Records supplied:
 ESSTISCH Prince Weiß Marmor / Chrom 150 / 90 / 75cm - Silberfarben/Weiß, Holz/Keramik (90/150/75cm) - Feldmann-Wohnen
...
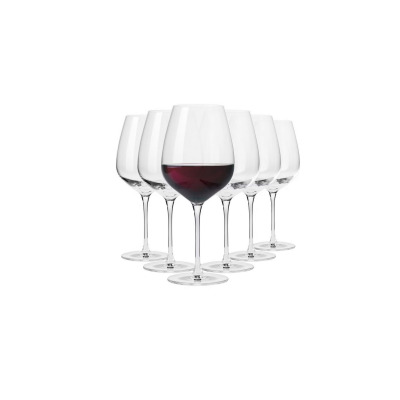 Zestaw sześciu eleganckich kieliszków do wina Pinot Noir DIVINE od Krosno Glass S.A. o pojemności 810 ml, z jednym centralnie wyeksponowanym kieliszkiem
---
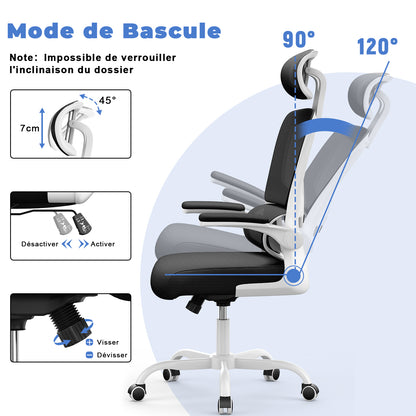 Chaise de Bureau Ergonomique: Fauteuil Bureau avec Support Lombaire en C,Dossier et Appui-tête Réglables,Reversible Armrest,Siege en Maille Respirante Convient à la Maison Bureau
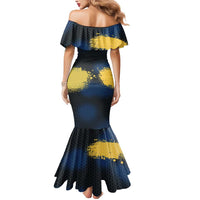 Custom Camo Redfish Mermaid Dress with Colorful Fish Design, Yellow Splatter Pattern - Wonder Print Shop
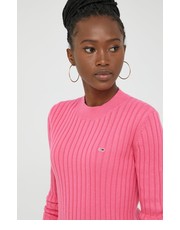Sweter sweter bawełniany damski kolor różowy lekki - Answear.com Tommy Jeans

Try it: Print nothing except the lines above from the one containing "Custom Camo Redfish" down to the one containing "Sweter sweter bawełniany", both included, exactly as written and free of pictures.

Result of the exercise:
 Custom Camo Redfish Mermaid Dress with Colorful Fish Design, Yellow Splatter Pattern - Wonder Print Shop
Sweter sweter bawełniany damski kolor różowy lekki - Answear.com Tommy Jeans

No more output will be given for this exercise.